Tampoco miran con muy buenos ojos la riada diaria de cicloturistas que llegan hasta aquí para hacer esa temible curva de la que tanto se habla, que es un espectacular balcón al valle del Cubia. Desde aquí arriba se ve una alfombra verde de robles, hayedos, tejos, acebos, abedules, castaños que nacen al paso de la garganta del río. Pero a los aficionados al sufrimiento les duele hasta mirar porque no es una curva, es un reto. Superarla sin poner pie a tierra. Esa curva maldita es “una puñalada”, dice uno de los ciclistas con su cocacola en el chigre. La curva por la que el mundo sabrá de la existencia de Yernes por unos segundos, con el público abarrotando la carretera para ver cómo se retuercen los profesionales del dolor. Los protagonistas tampoco miran el paisaje, sólo saben de asfalto, sudor y vatios.
La belleza no es rentable
Encarna verá al borde de la carretera el acontecimiento del verano. Ella nació en el concejo pero marchó de aquí con 49 años, a trabajar en Oviedo para una empresa de limpieza, hasta que cumplió los 65 años y se jubiló. Ahora usa aquellos uniformes azules para trabajar la tierra. Escala los peldaños que llevan al hórreo y guarda lo que el campo le da. Esta vez carga con un saco de 20 kilos de patatas. Se dobla sobre el huerto durante horas y vuelve a erguirse sin lamentos ni faja. Encarna agota sus tareas para charlar con algún vecino. “Antes estaban estropeadines a los 60 años y ahora, mira, parecemos ministros. Que no tenían ni una paguina y debían trabajar hasta el final de sus días, ya sin fuerzas. A mi padre lo recuerdo ya viejo de siempre”, dice Encarna, de 80 años. No conoce Madrid, no ha viajado en avión.

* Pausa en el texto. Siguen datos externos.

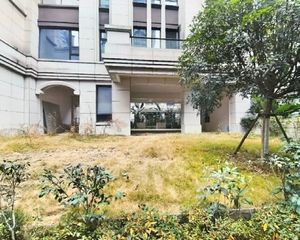 高新区朗诗联排端户别墅 前后花园120平 带车位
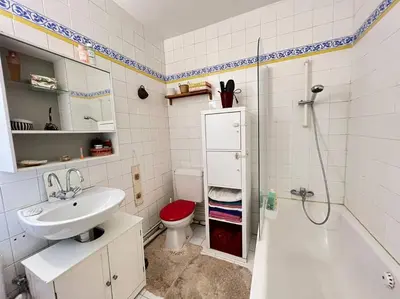 Salle de bains dans l'établissement Grand appartement avec balcon et parking gratuit sur place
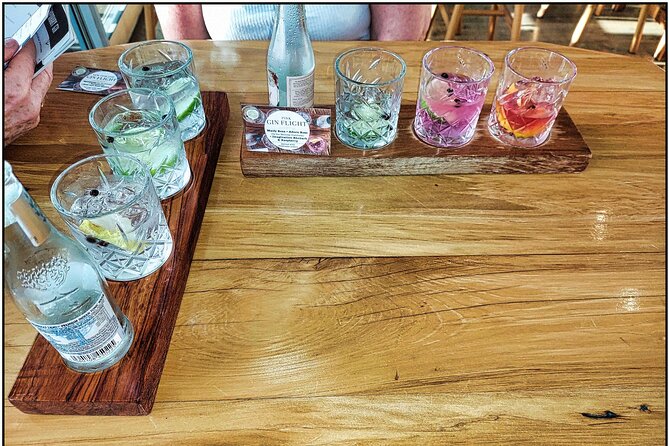 Small group - Beer, Wine, Cider and Gin Tour - 5.0 - 5.5 hours - Cheese, bread, and a break between pours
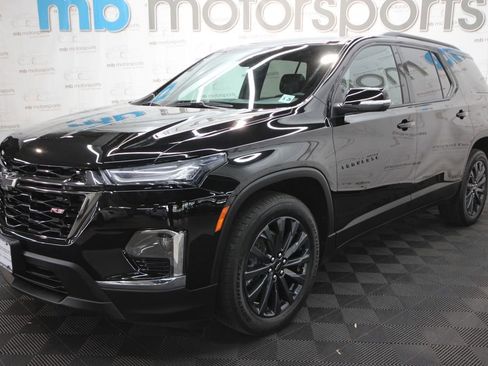 Used 2023 Chevrolet Traverse RS w/ LPO, Floor Liner Package AWD/4WD image 1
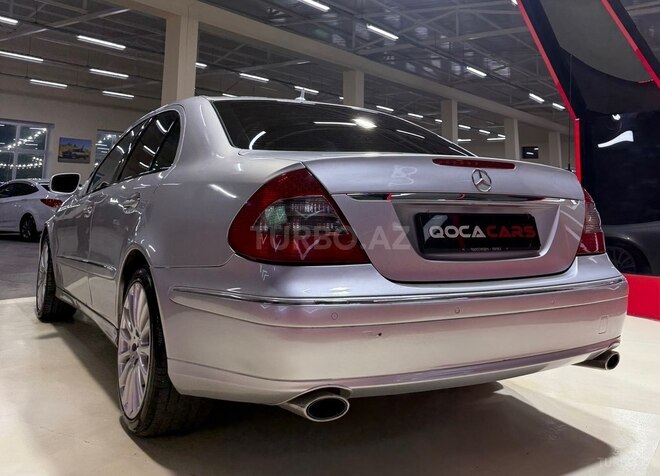 Mercedes E 240-11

La cosa es cómo hacer para que la belleza sea rentable, genere trabajo, mantenga la biodiversidad y atraiga a nuevos colonos. Hay tres temas que se cruzan en todas las conversaciones de Yernes, además de la Vuelta. La charla empieza con la niebla. Llevan siglos leyéndola, saben cuándo empieza y cómo acaba. Es la novela de cada día. Luego, en la conversación entra el lobo. Manolo va camino de una de las cuadras que tiene repartidas por el pueblo. Dice que hoy hará buen día. Es festivo en todo el país, pero son las siete y media y está limpiando cucho. Tiene 140 vacas repartidas por los praos y sueltas en el monte, nada de carne de intensivo. También tiene yeguas y potros, que ahora se los están pagando a unos 700 euros. Pero el lobo. Este año hubo menos ataques, “a pesar de que hay más”, asegura. Al año le matan unos seis terneros y cuatro potros. La indemnización es de 150 euros y el Principado paga con un año de retraso si encuentra el animal y si el veterinario que acude a levantar atestado confirma el ataque. “Cuando te llega el pago no sabes ni qué es”. La ironía le consuela.
El oso prefiere los manzanos. Los troncha y arrasa con los frutos. Pero al oso y al lobo no le temen tanto como a la despoblación, el mar al que van a morir todas las charlas. Los vecinos saben leer la naturaleza, pero no tienen la solución para volver a ver el pueblo lleno de críos. Los guajes que hay ahora están de vacaciones. En unos días regresarán a sus ciudades, lejos de una de las zonas más espectaculares de Asturias. “Aquí estamos. Estos pueblos viven de las pensiones y de las subvenciones”, Gerardo también es de Yernes y resume de un golpe la situación de un concejo en el que la mayoría son ancianos o ganaderos. La pirámide de población parece el perfil de la etapa que acaba aquí, con un desnivel tan pronunciado como esta curva en la que atacará el joven ciclista belga, Remco Evenepoel.